I think this depends how deeply into the field of "mental health" you want to go. I am going to steer away from the actual psychiatry/in-patient hospital type jobs. And there are two reasons for that. One, with your own background, whatever that might be, it could be that having the burden of others' problems could be too much for you to deal with on a daily basis. As an example, consider someone whose mother was assaulted/murdered wanting to become a cop. Sometimes, it's not a good idea. Not saying it's not, but I want you to be aware of the possibility.
Secondly, I think that all of us face varying degrees of issues with "mental health" as we go through life. Removing the stigma associated with asking for help is important. But, there are "coping skills" types of situations, just as there are the more complex ones that require medical intervention. I think the coping skills is just as important.

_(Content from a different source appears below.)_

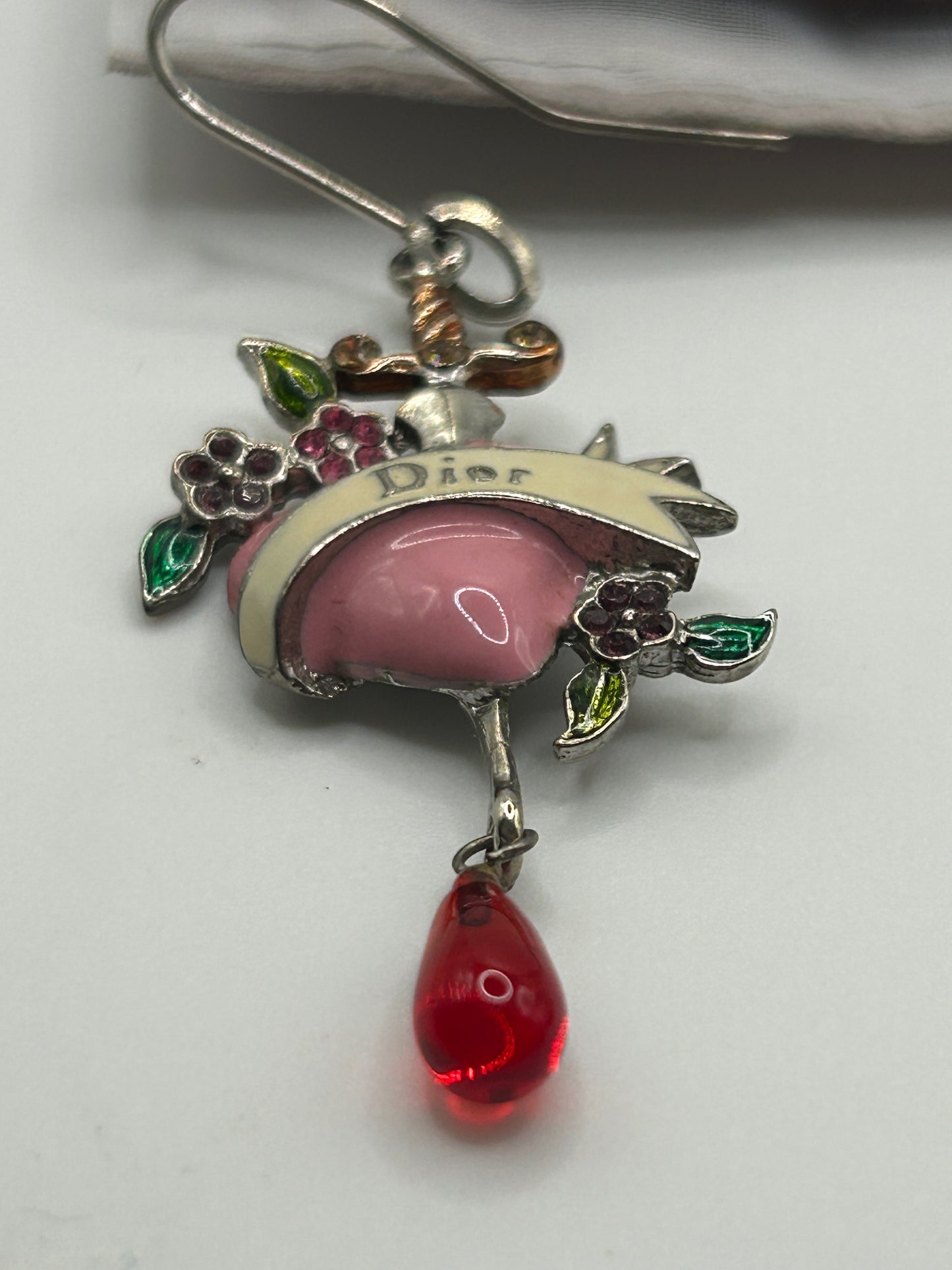 Christian Dior vintage Y2K Galliano era bleeding heart earrings.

The people I have seen who have had a really big impact on kids have been coaches, ministers, scouts, FFA programs, etc. My son suffered from mental illness, and the person he ended up bonding with was a nextdoor neighbor who gave him odd jobs to do. Adults who are in a position to build a child's self esteem, and who the child trusts, can often do more for that child than a formal counselor would. I'm not sure how all this plays out as far as a career goes. Are you into sports? Would you want to be a HS coach?

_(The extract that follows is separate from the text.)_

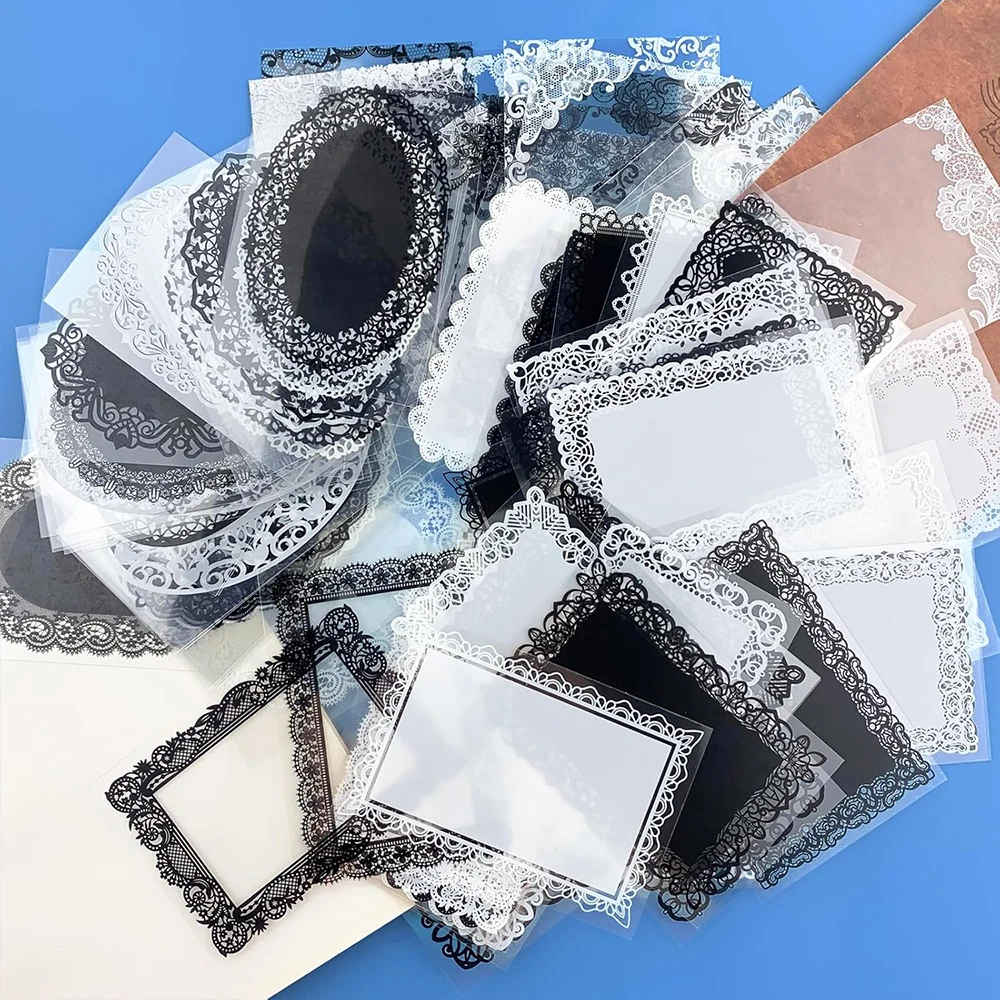 30 teile/paket Unwiederholte Muster Vintage Spitze Aufkleber Schwarz Tinte Weiße Tinte Verschiedene Spitze Boarder Aufkleber Karte Journal Scrapbooking Image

The next question is one of salary. The "best" salary will not necessarily result in the greatest job satisfaction and overall happiness. Obviously, you need enough to live on and meet unexpected expenses. This is a combination of income/benefits/ and lifestyle. I've met some very affluent people who were not very happy. But, at the other end, a lot of social service jobs don't pay enough to support even a modest lifestyle.
Since you are in Texas, here is a website you may find useful. A word of caution. When looking at salary information, there is often a big difference between "median" and "entry level." Be mindful of these two terms. Entry level is often quite low, so some sites post "median" information instead.